Exercise brief - Since the records include pictures, leave those out while you reproduce exactly and only the lines from the one containing "Frauen<Dropsize Broken Dreams" through the one containing "ANTIQUE ENGLISH GEORGE", inclusive.

Records to process -
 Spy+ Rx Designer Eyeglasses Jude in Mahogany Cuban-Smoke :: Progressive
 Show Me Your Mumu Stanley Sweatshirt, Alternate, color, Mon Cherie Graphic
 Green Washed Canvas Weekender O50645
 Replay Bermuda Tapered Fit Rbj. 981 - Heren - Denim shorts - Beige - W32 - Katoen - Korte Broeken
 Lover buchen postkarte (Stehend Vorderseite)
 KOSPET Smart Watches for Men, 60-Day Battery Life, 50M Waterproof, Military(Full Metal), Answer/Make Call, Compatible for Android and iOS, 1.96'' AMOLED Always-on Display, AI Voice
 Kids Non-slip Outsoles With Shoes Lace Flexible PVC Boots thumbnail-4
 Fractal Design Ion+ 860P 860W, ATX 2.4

...

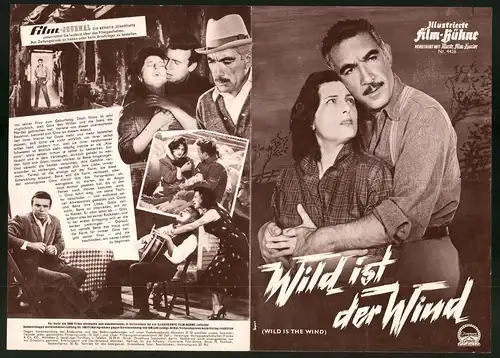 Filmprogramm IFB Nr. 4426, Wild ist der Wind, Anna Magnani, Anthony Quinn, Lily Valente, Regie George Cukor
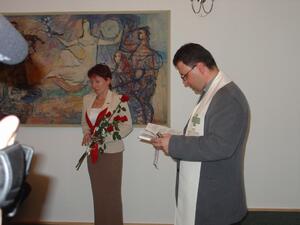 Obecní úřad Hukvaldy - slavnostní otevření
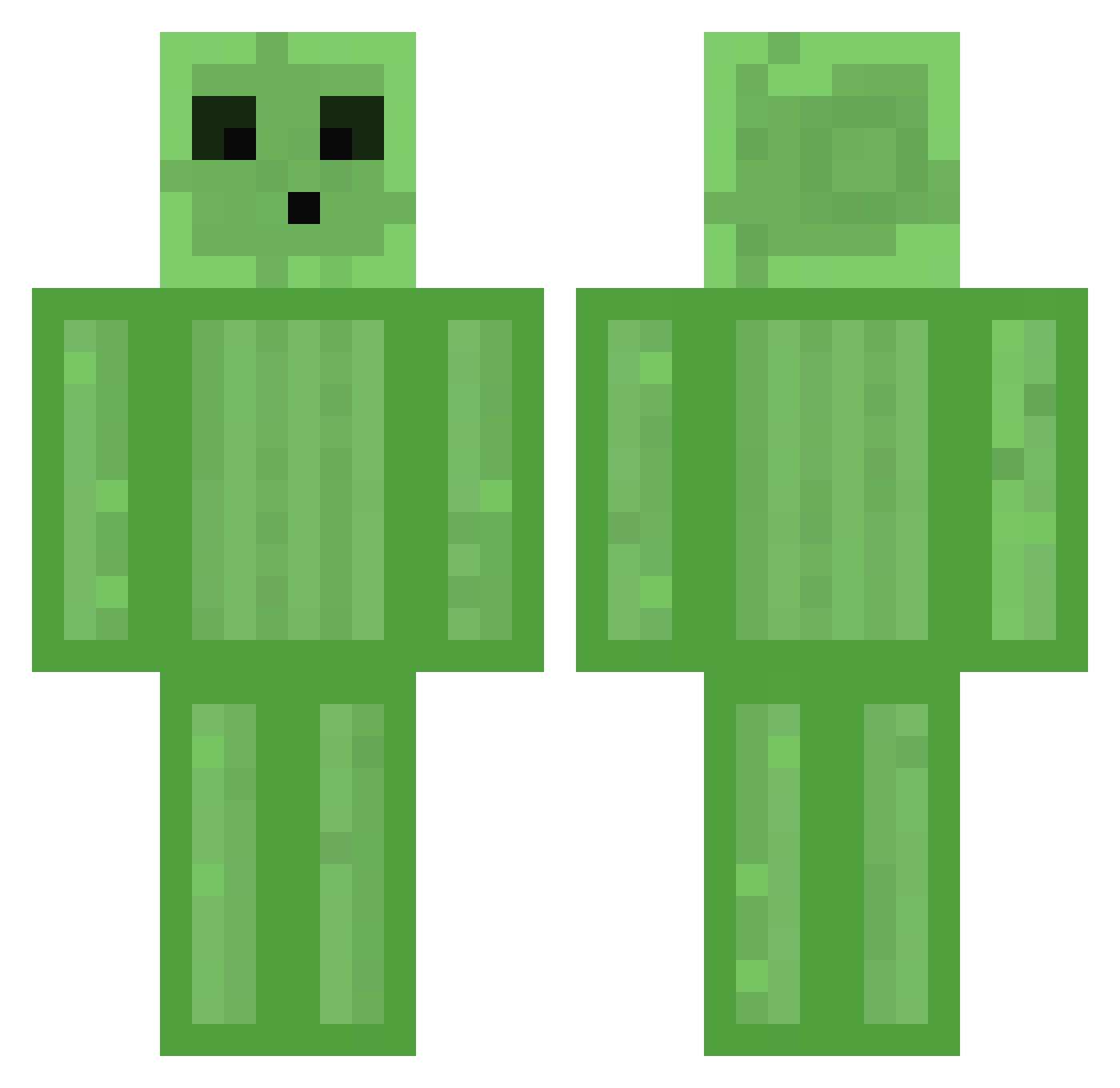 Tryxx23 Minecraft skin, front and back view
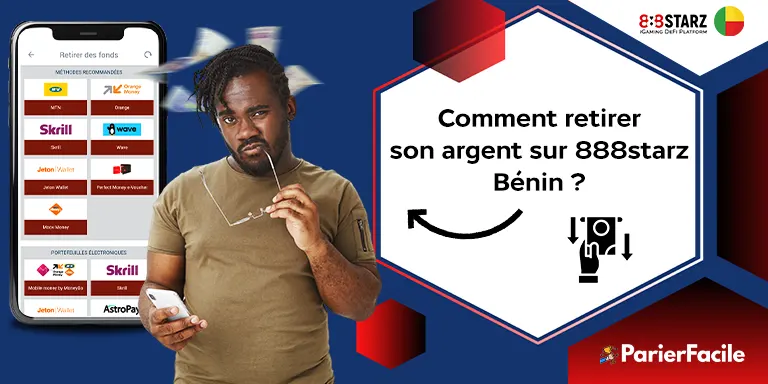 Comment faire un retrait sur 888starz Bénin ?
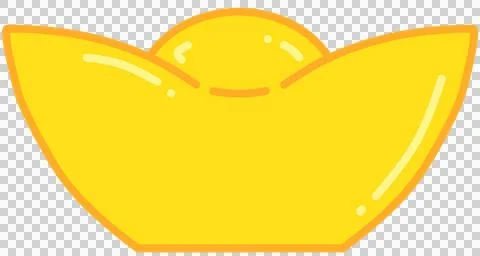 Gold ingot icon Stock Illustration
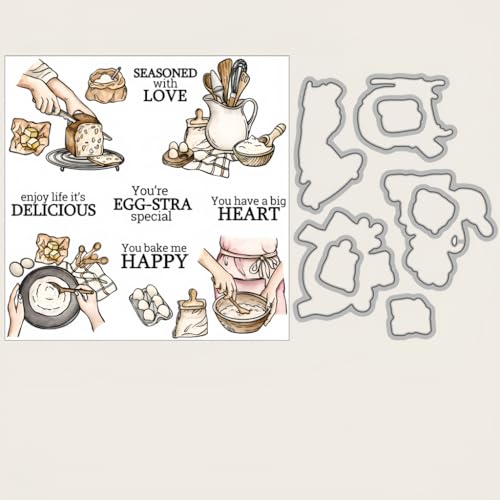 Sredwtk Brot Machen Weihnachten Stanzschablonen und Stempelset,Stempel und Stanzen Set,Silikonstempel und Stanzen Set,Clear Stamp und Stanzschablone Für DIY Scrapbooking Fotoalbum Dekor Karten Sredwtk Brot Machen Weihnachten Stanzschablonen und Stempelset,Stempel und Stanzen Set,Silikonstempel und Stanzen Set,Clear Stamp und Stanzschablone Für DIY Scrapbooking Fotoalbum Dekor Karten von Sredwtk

...

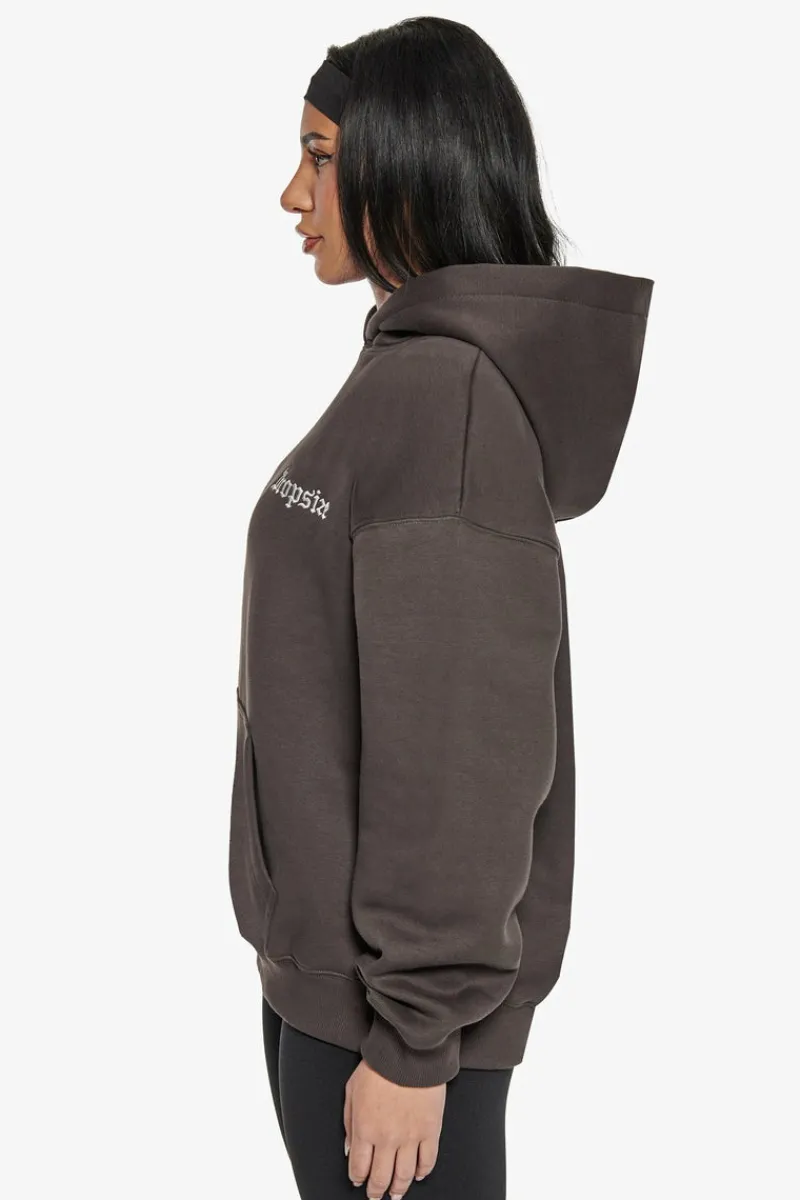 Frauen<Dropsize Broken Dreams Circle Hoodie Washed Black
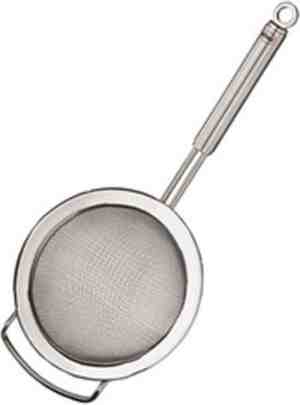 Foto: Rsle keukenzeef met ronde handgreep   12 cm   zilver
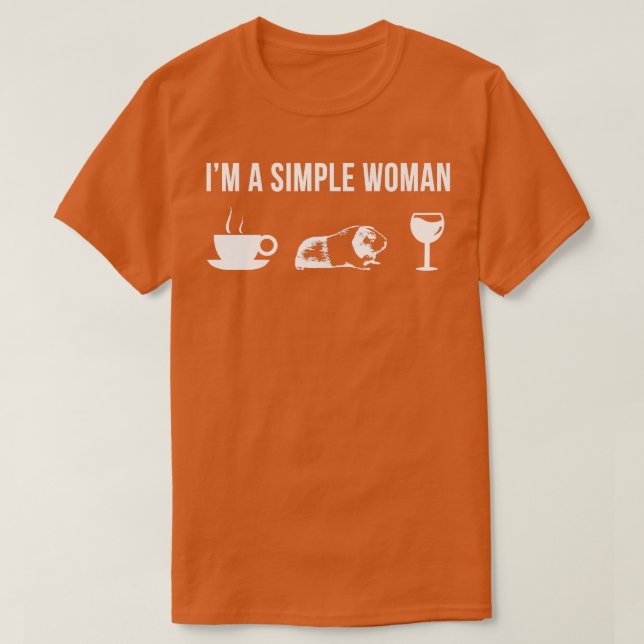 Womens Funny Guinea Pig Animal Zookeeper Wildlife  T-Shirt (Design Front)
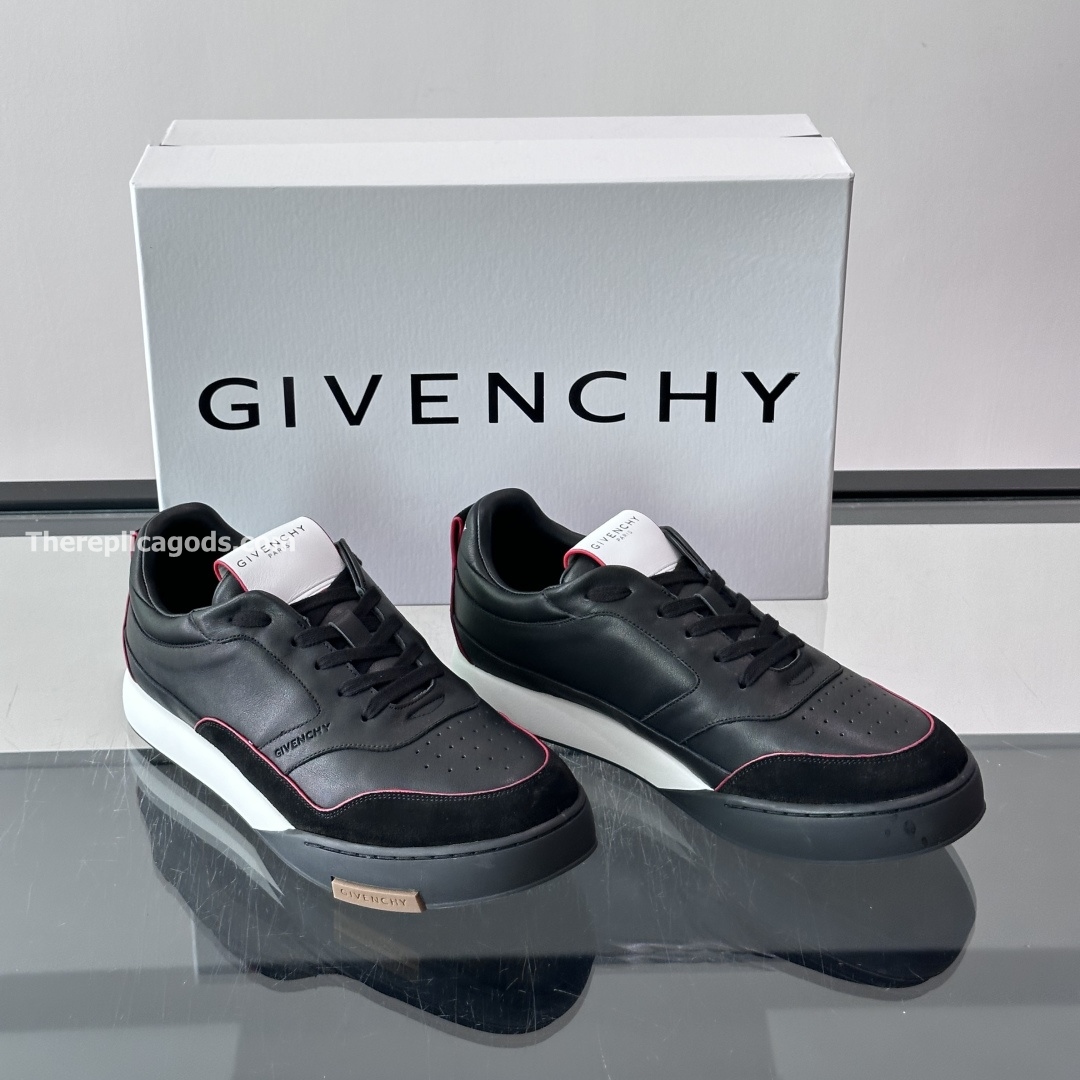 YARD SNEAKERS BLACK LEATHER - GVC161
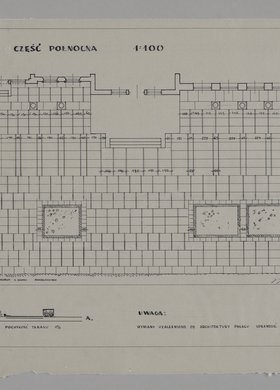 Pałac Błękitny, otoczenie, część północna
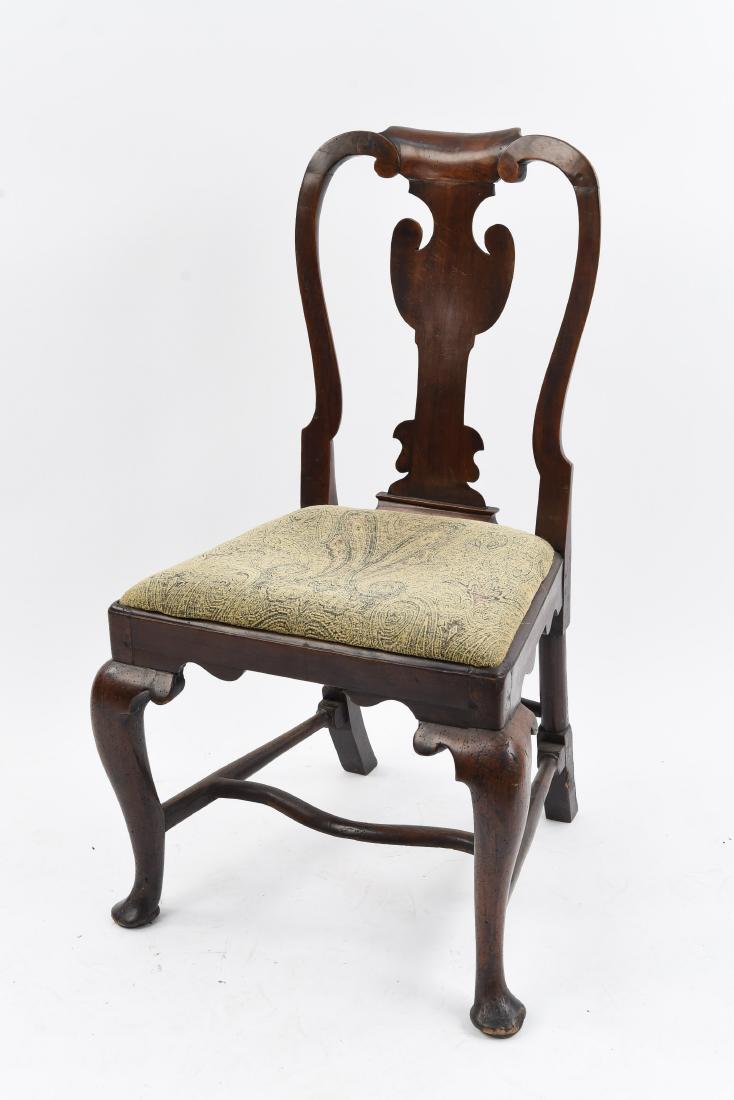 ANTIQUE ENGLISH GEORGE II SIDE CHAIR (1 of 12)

Reply -
 Frauen<Dropsize Broken Dreams Circle Hoodie Washed Black
 Foto: Rsle keukenzeef met ronde handgreep   12 cm   zilver
 Womens Funny Guinea Pig Animal Zookeeper Wildlife  T-Shirt (Design Front)
 YARD SNEAKERS BLACK LEATHER - GVC161
 Pałac Błękitny, otoczenie, część północna
 ANTIQUE ENGLISH GEORGE II SIDE CHAIR (1 of 12)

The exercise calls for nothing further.